Home, School, and Church as Partners in Religious and Moral Formation
The Catholic tradition views the school as working alongside the church to help parents educate their children. While parents are the primary providers of their children’s religious and moral formation, they do not undertake this significant work alone (Pontifical Council for Justice and Peace 2006). Among the most important responsibilities of educators at a Catholic school, then, is sustaining the relationship between the school and the community of faith to which it belongs.
The document The Catholic School on the Threshold of the Third Millennium makes this point strongly: Christian schools do not provide faith-based learning to students in isolation but partner in this task with other members of the wider faith community. “The complexity of the modern world makes it all the more necessary to increase awareness of the ecclesial identity of the Catholic school. . . . [This] is written in the very heart of its identity as a teaching institution.
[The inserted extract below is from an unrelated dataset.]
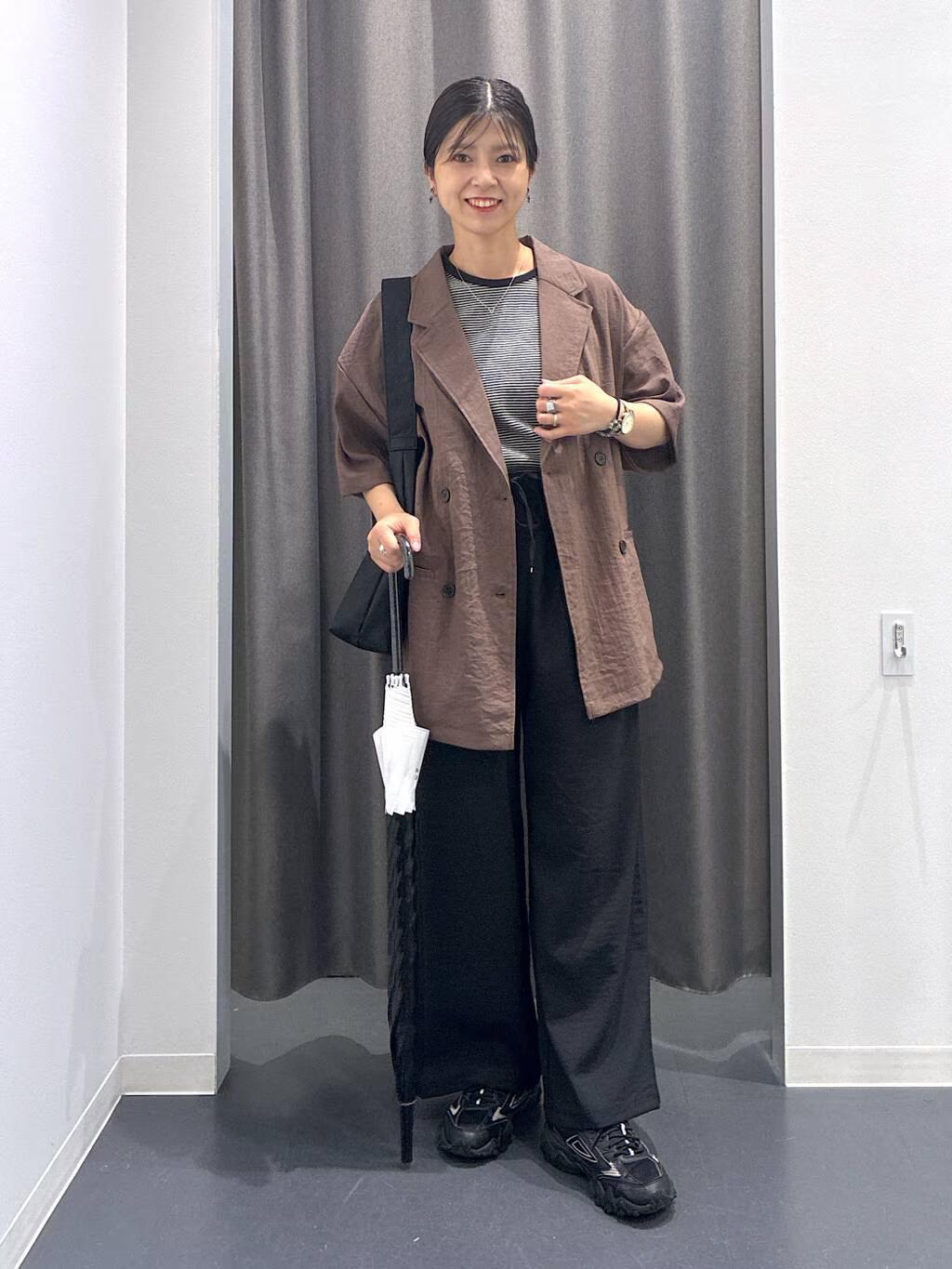 LAKOLEの【接触冷感】ハーフスリーブシアーWジャケットを使ったコーディネートを紹介します。｜Rakuten Fashion(楽天ファッション／旧楽天ブランドアベニュー)5701275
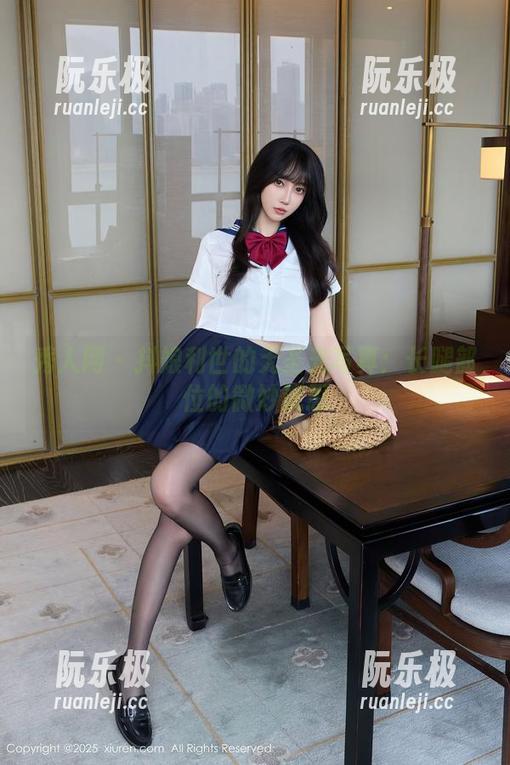 秀人网-抖娘利世 秀人网 - 抖娘利世的无圣光写真:长腿部位的微妙沉思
It is a true and proper ecclesial entity by reason of its educational activity, ‘in which faith, culture and life are brought into harmony.’ Thus it must be strongly emphasized that this ecclesial dimension is not a mere adjunct, but is a proper and specific attribute, a distinctive characteristic which penetrates and informs every moment of its educational activity, a fundamental part of its very identity and the focus of its mission. The fostering of this dimension should be the aim of all those who make up the educating community” (Congregation for Catholic Education 1997).